Note: The image will be inserted at its true size and cannot be resized. You may need to resize the image outside of Excel first.
In Excel 2013: After the Format Data Point bar opens on the right, click on the bucket icon, and then click on the word Marker. Then click on Marker Options to select the image icon from the Marker Type. After that, click on Fill and select "Picture or texture fill" and then use the other settings to "Insert picture from..." File, Clipboard, or Online.
Showing the Duration of an Event in your Timeline
If you are creating a project timeline, you can show the duration of an event by using X-error bars.
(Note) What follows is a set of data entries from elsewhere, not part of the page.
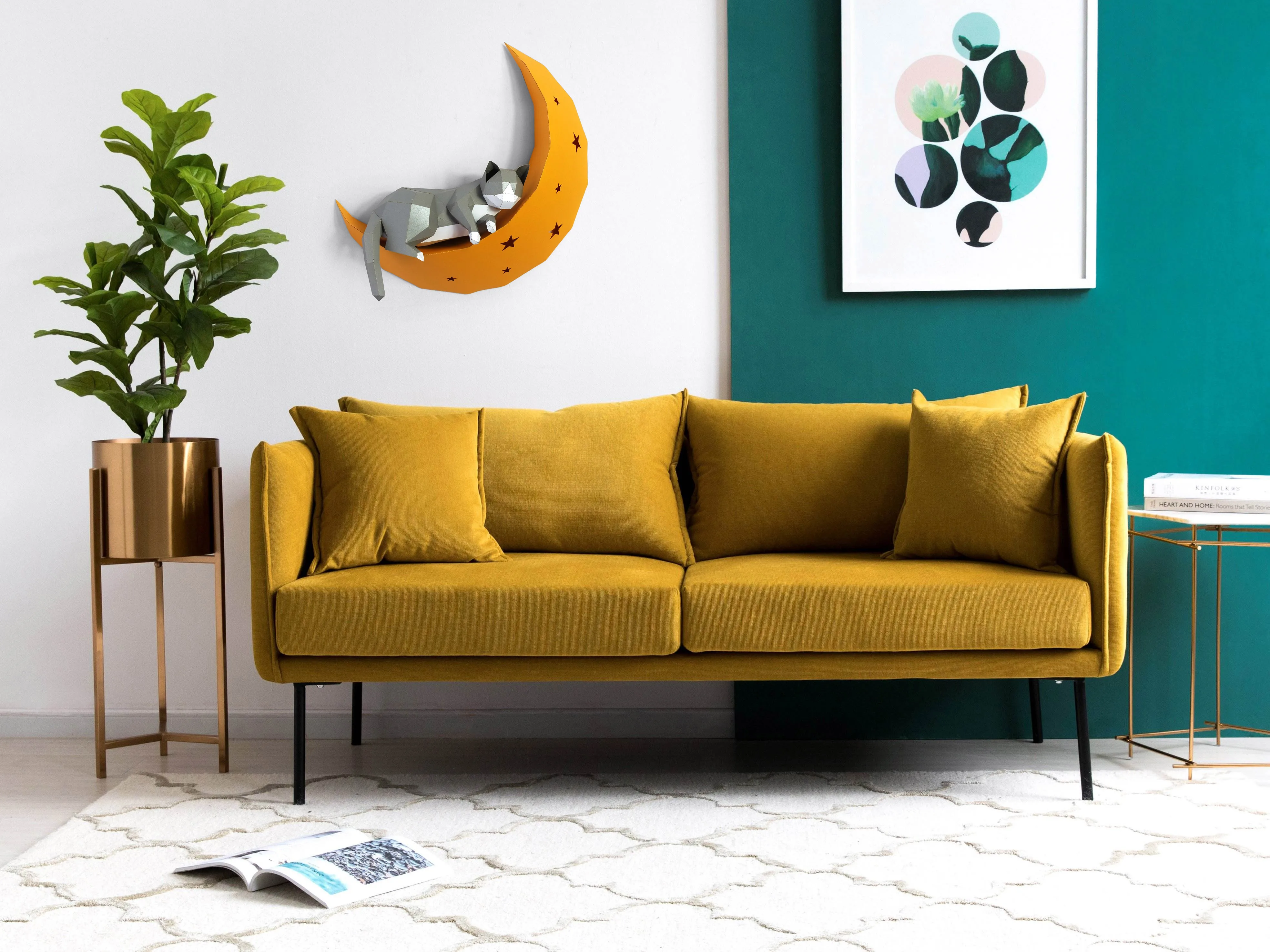 Billige 3D Katze Auf Mond Tier Papier Wand Kunst Skulptur Modell Spielzeug Wohnkultur Wohnzimmer Decor DIY Papier Handwerk Modell party Geschenk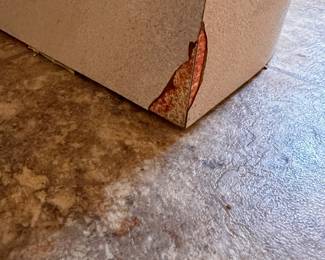 C114 - $60. Formica Laminate Dining Table. Does have some minor damage on base - see photos. Comes apart to move (2 base pieces & top) Measures 3' x 5'. Comes apart to move (2 base pieces & top) Measures 3' x 5'.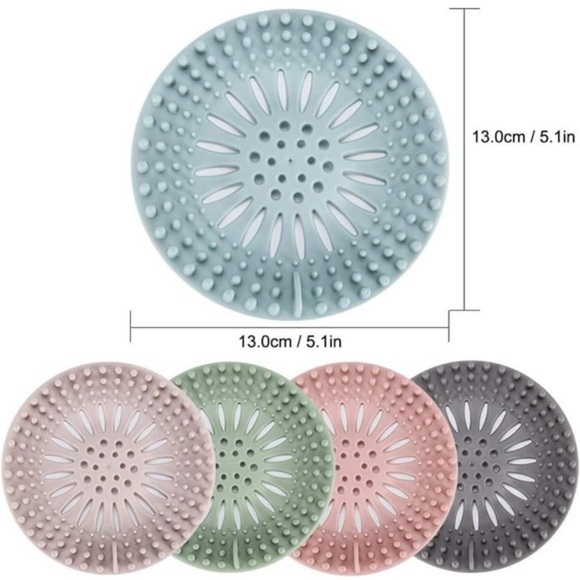 Silicone Hair Catcher Drain Cover Set -‎ 5 Pack - Picture 4 of 7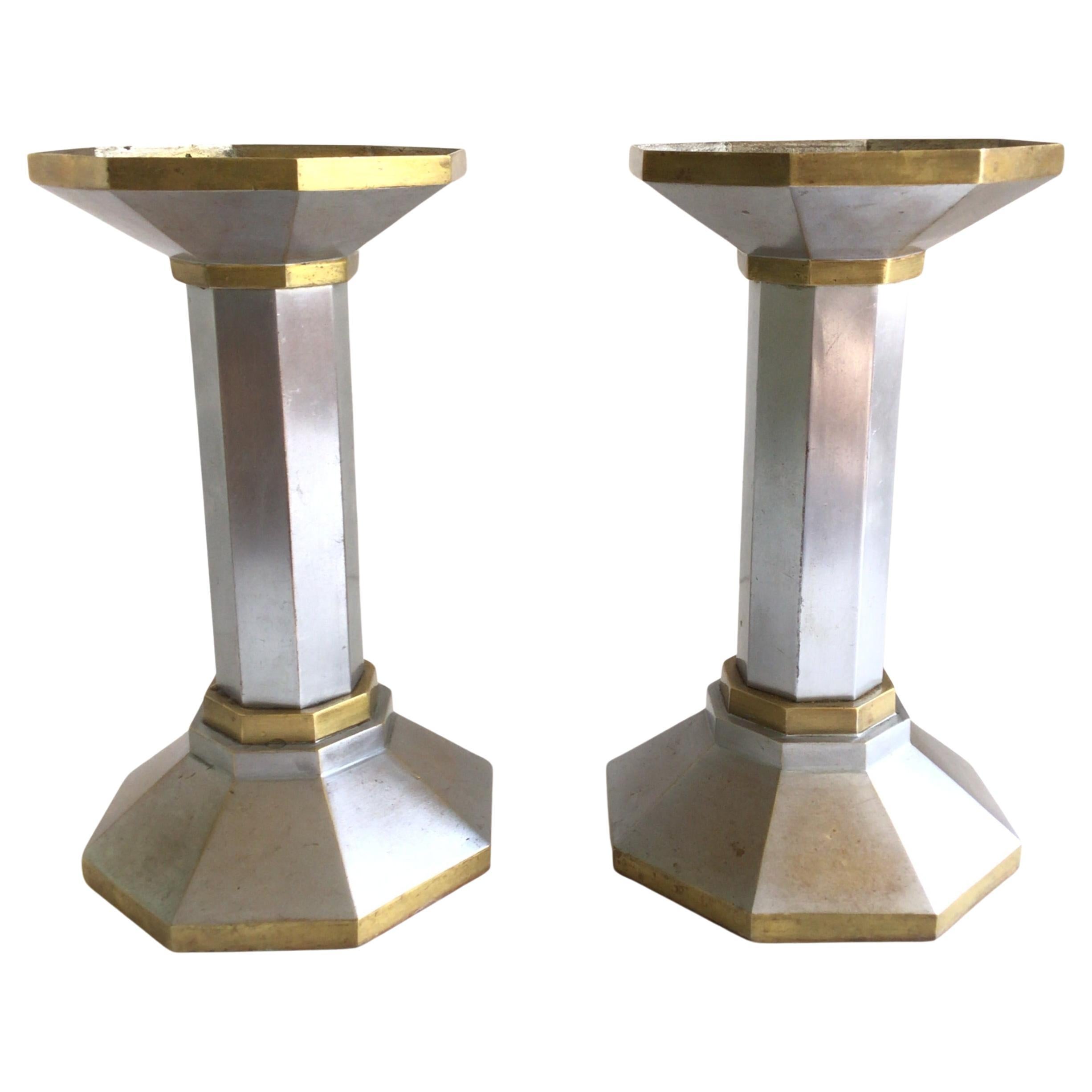 1960s Pair of Polished Aluminum and Brass Church Candlestick Holders
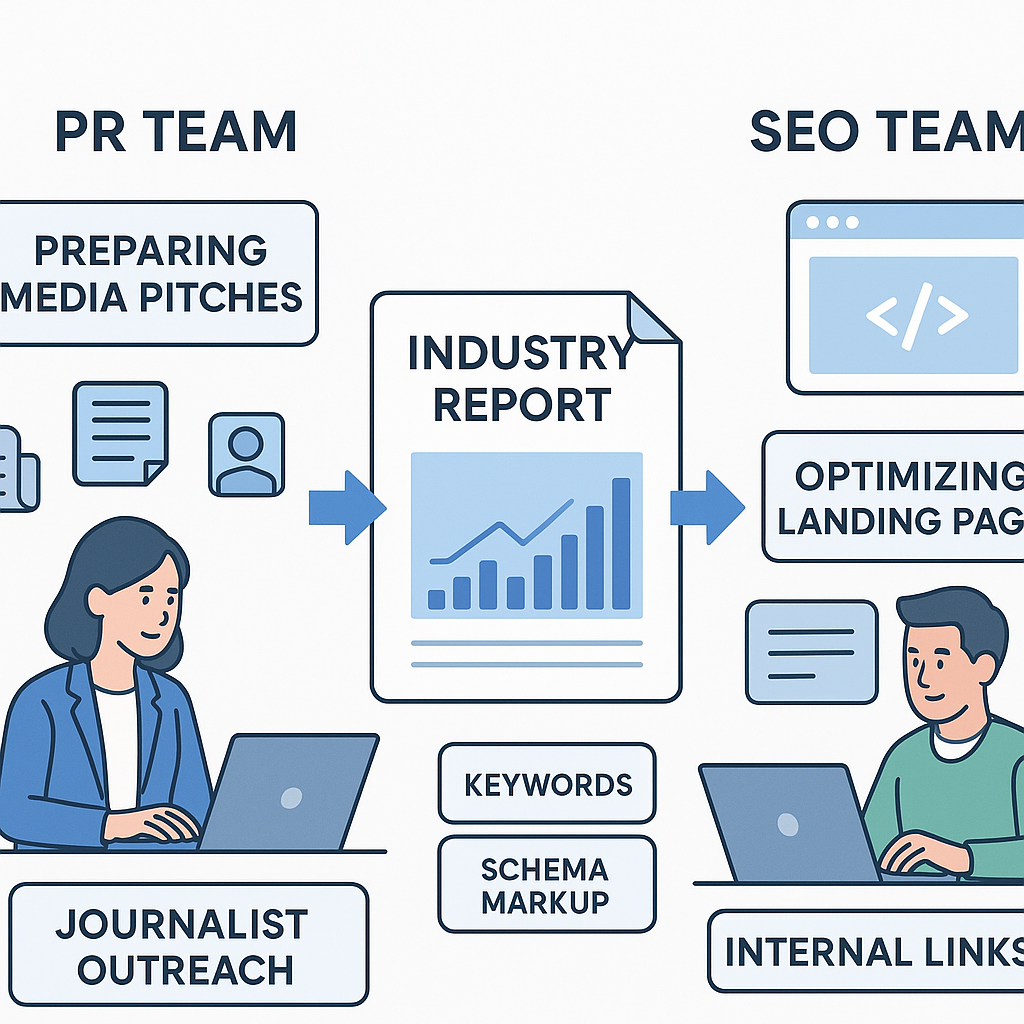 A clean, modern infographic-style illustration showing the workflow between a PR team and an SEO team collaborating on
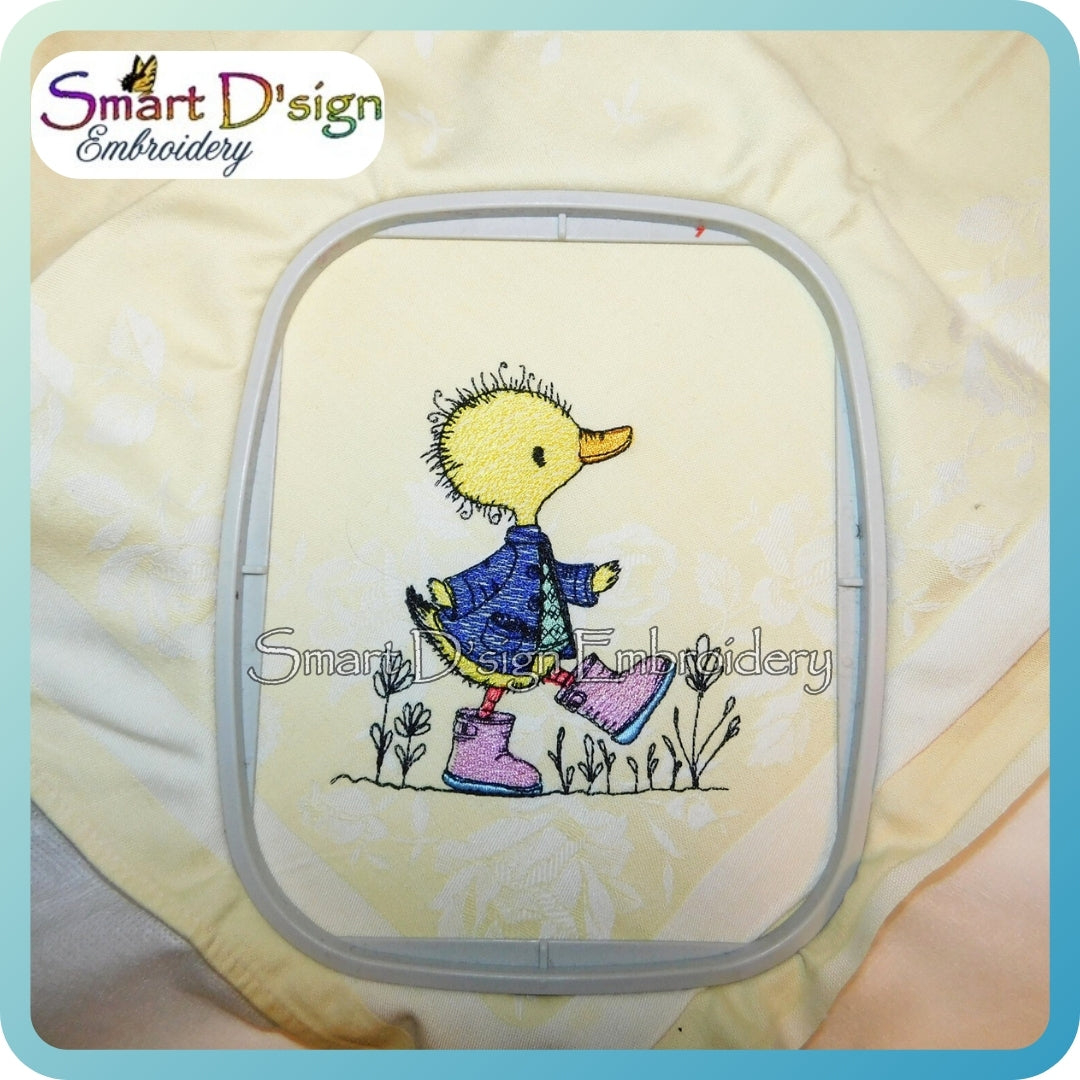 Frühlingsente mit Gummistiefeln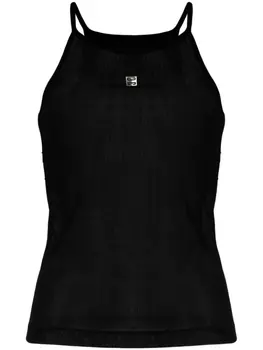 Givenchy 4G-plaque ribbed sleeveless top, черный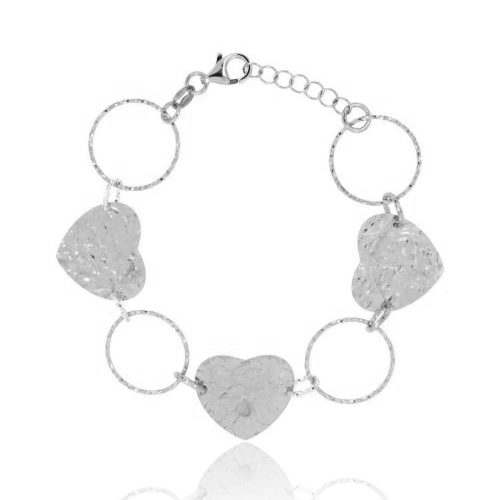 BRACCIALE ROLO' CON CUORI MARTELLATI E CERCHI DIAMANTATI IN ARGENTO RODIATO TIT 925‰ CM 18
The image below shows the project timeline example that is included in the timeline template.
You may just want to use the timeline template, but if you are creating your chart from scratch, follow these steps to add durations to events:
- Create a new column in your data table for the Duration (number of days) of an event.
- Select the chart and go to Format > Current Selection group and select "Series 1 X Error Bars" from the drop-down list then click on Format > Format Selection.
- In the Horizontal Error Bars tab, select the Plus direction and the No Cap end style. You may also want to format the line to change the color and increase the width of the line.
- In the Error Amount area, select Custom, click on Specify Value and then for the Positive Error Value choose the cells from your Duration column. You can leave the Negative Error Value as-is. Click OK.
Note: To add a Completion bar like we did in the above example, you would need to add another data series so that you can define another X-error bar.
Using a Date-Based Axis
If you are want to create a timeline that uses date values after the year 1900, then you can add another "dummy" series and change the chart type for the dummy series to a Line Chart. This will allow you to define the horizontal axis as a date-based axis. Doing that can simplify the process of displaying the x-axis labels and editing the date range, but the events in the data table must be ordered by date. Also, people have reported that this technique doesn't always work in all versions of Excel.
The main changes to the above instructions are:
- Instead of using the three Year/Month/Day columns, change the Year column to Date and enter date values (e.g. "1/1/2013").
- Change the formula in the Axis column to:
=IF( OFFSET($A$30,ROW()-ROW($G$30),0,1,1)=0, NA(),
- Format the horizontal axis and set the Base Unit to "Days".
- It's also important that the events be listed in order by date.
For additional reading: Bill Jelen does an excellent job of explaining the date-based axis vs. category-based axis in his book "Charts and Graphs: Microsoft Excel 2010."
Print a Chart Spanning Multiple Pages
You can widen the timeline chart object if you have a very long timeline and want to print it across multiple pages. Normally, Excel will scale a chart object to print on a single page. So, instead of selecting the chart object and pressing Ctrl+p to print, select the range of cells surrounding the chart object and then print the selection ("Print Selection" is one of the options you can choose from the Print dialog in Excel). You can also use the print settings to customize the scaling.